Is there anything that would change your mind?
BOB:
No. Two things to say: One, it has surprised me that the bubble
has grown since 2000, because I thought that that was the end of
the stock run; well, it wasn’t. So the bubble has continued to
grow. But at least as important is the idea that you can’t
reason from fundamentals to markets; you can’t look at the
fundamentals and say, therefore the market will do such-and-such.
It’s the markets that tip you off when the fundamentals are
going to change. So we continue to have expansive credit because
there is a lot of confidence, and the stock market is the
barometer of that confidence. The new high in the Dow tells us
it’s still there. So until we get the Dow peak in place and
behind us and we’re clearly heading lower, maybe down 20% from
the high, then you and I can get together and say, “OK, the
chickens are now finally going to come home to roost.” The
credit bubble, the derivatives bubble, the political promises
bubble – all of these things are finally going to deflate and
collapse and be seen for what they really are, which is
unsupportable. But until people believe that or begin to worry
about it, they will continue. [32:54]
JIM:
Given where your views are, what would you advise investors to do
then?
BOB:
Well, my main suggestion has been to stay in cash. You know we
have a pretty good interest rate right now; you can make 5% doing
nothing. If you try to speculate in commodities you’re going to
get killed eventually. And I think most of the public got
interested in oil at above $70 when the hurricanes were hitting
and all of that nonsense, and they’re going to lose money just
like they always do. I think people in the stock market are
feeling that they haven’t kept up with these announcements that
hit the papers in the last few days about the Dow being at a new
high because they may own stocks that are nowhere near highs.
It’s
very tough to make money; you have to almost make a living out of
it. So back in 1982 I was very bold in saying, “Look, this is a
once in a lifetime buying opportunity—you need to be fully
invested for a great bull market.” But at this stage of the game
I think you’re playing with fire, even if the Dow goes another
10% higher, for example.
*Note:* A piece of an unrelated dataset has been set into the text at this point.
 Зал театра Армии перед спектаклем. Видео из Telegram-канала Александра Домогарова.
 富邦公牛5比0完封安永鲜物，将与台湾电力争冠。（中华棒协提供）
I think the risk way outweighs the
potential reward.
So
for most people, I’m advocating something very, very
conservative and very, very easy to do which is to hold safe cash
equivalents. And right now, that means Treasury bills; we’re
still pretty bullish on the dollar, so I’m OK with the Treasury
bill. In Conquer the Crash, I recommended the Swiss
franc– the government equivalent of T bills in Switzerland. The
Swiss franc from that point soared for two years – so that
worked out well. If you’re going to do any portfolio shifting
and you’re more or less a conservative investor, the only
question is what currency do I want to earn my interest rate in?
If
you are a serious and seasoned speculator, I think the collapse
that’s coming in the stock market can make you rich. And the key
is to be short when it heads lower and not go broke prior to that
time. I think it was your favorite economist and mine, John
Maynard Keynes, who said the market can be irrational longer than
you can stay liquid. So if you’re an aggressive short seller,
you’re going to have to be very nimble and make sure that the
last group of fools buying stocks doesn’t wipe you out before
the downturn. [35:23]
JIM:
I want to move on to something that is a new science that you are
pioneering – it’s called socionomics. What is it, and how can
it assist investors in understanding markets and the world we live
in?
BOB:
Well, after watching the Wave Principle operate for a number of
years, I began to wonder why it was there. It’s obvious that
outside news events can’t be creating a patterned market, so
what is it? I think the only reasonable answer is that it’s a
psychological phenomenon, and it’s a result of the herding
impulse that each one of us has. It has kept different species
alive, so we’ve evolved with a herding impulse. It’s a very
primitive tool. If antelopes all run together, the odds of an
individual getting attacked by a predator go down. So it’s a
useful thing as a blunt tool in certain matters of survival.
But
in the modern world we have financial markets, and the herding
impulse is exactly the reason why many people do very poorly in
the markets, because we all react to each other and it’s very
difficult for somebody to be independent – truly independent –
of the crowd and behave opposite to that very deep, compelling,
unconscious herding impulse.
Well,
from that, I began to think, “If people are sharing a mood, like
a herd, going from optimism to pessimism as a group, it must have
other implications.” Stock trading is not the only thing that
human beings do. So I started looking around and saw that many
aspects of social expression seem to parallel the stock market. It
is true of economic production with a lag; it is true of different
themes in popular music, in films and television. I began to
realize this mood is probably the motivating factor that makes
society go through the cultural changes that it goes through. And
that’s why, even as a technician, I’m more interested in what
the psychological state of the crowd is than what the fundamentals
are, because that’s the driving factor for all of these trends
in finance as well as the cultural trends.
It’s
fascinating study, and it’s interesting to people even if they
don’t care that much about finance. I’ve got a couple of books
on it, and we’ve submitted a paper to an academic journal that
has been accepted for publication. So we’re trying to make
progress to slowly get this idea out.
One
of the core aspects is the difference between finance and
economics. Economics I think is not the same as finance; and
buying and selling in the shoe store and at Wal-Mart is not the
same as buying and selling investments. In the first instance, people
are asking themselves, “What is the personal utility of the item
I’m thinking of buying?” and that is a very objective question
that you can answer for yourself. But in the stock market, for
example, people are asking, not “What is this worth to me?”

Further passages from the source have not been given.